- [Given material]:
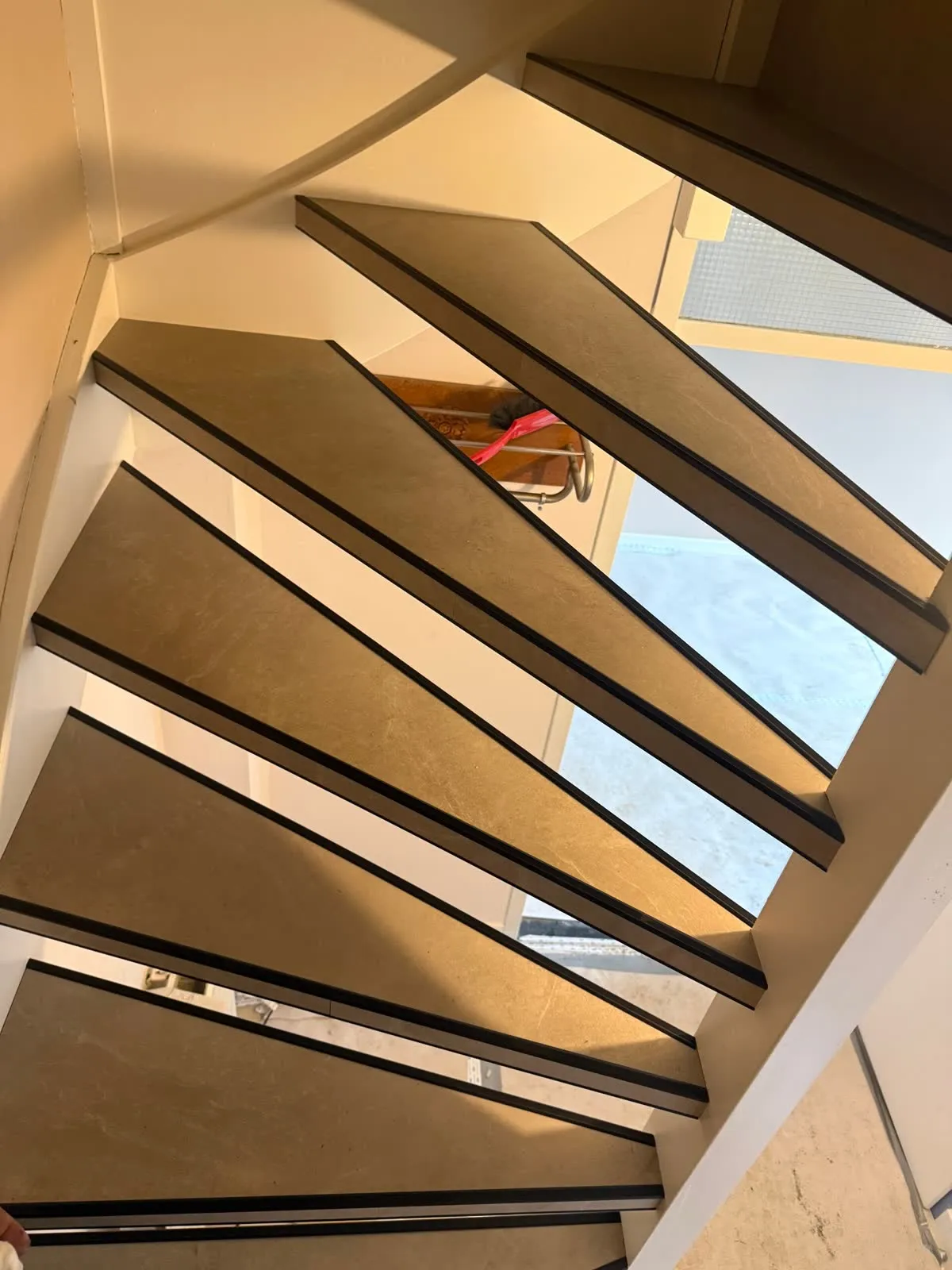 Open trap gerenoveerd met licht eiken houtdecor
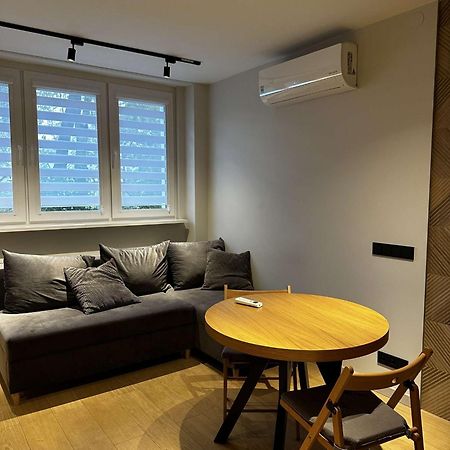 Apartament- Metro Trocka وارسو المظهر الخارجي الصورة
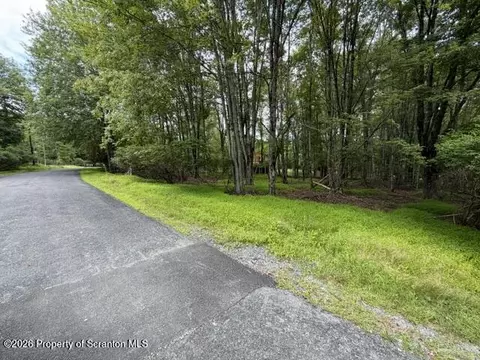 lot400 Snowshoe Cir, Lake Ariel, PA 18436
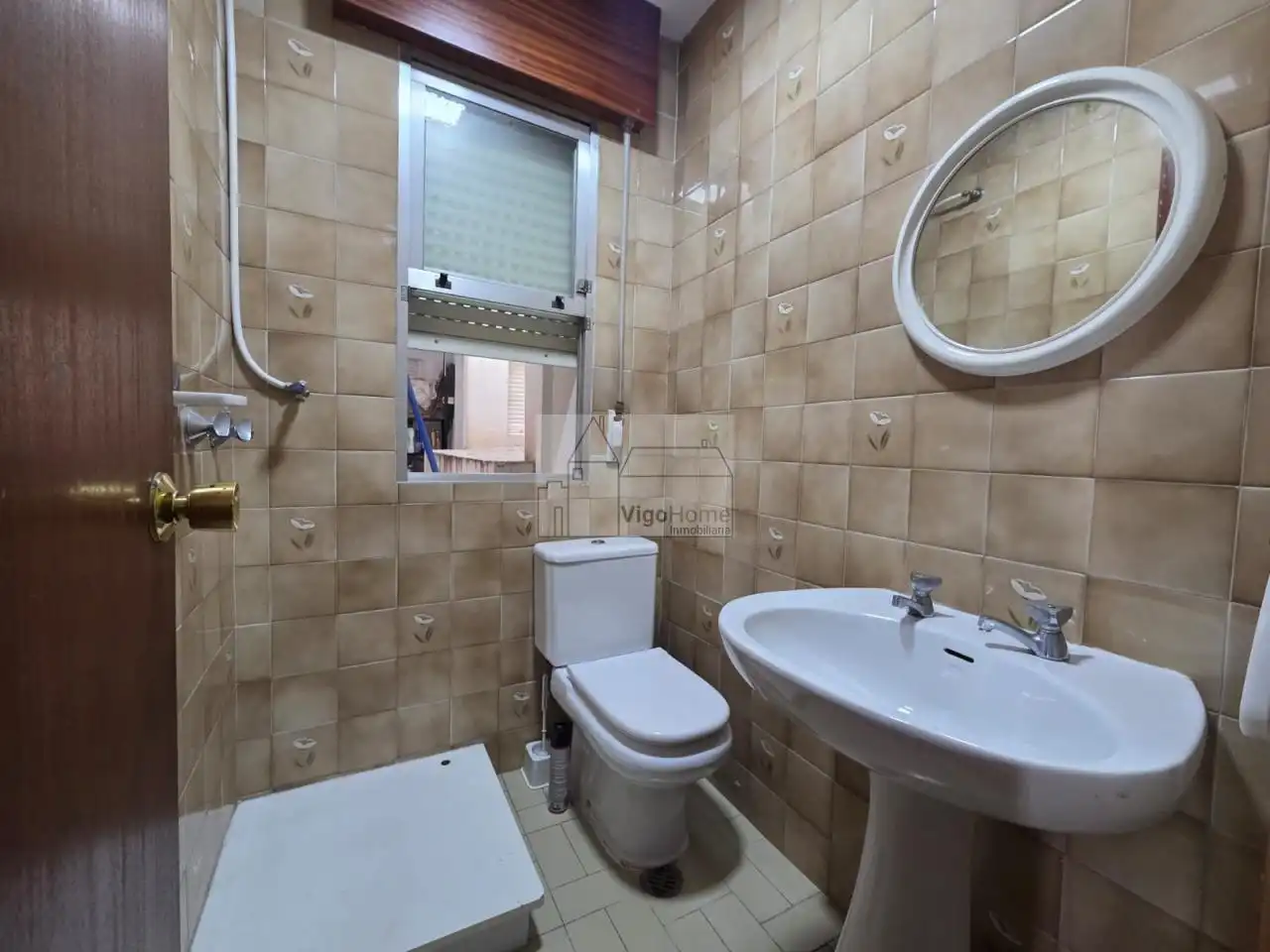 Bathroom of Flat for sale in Moaña  with Heating and Storage room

- [Exercise brief]: Return the material word for word. Pictures are not part of the copy.

- [Solution]:
 Open trap gerenoveerd met licht eiken houtdecor
 Apartament- Metro Trocka وارسو المظهر الخارجي الصورة
 lot400 Snowshoe Cir, Lake Ariel, PA 18436
 Bathroom of Flat for sale in Moaña  with Heating and Storage room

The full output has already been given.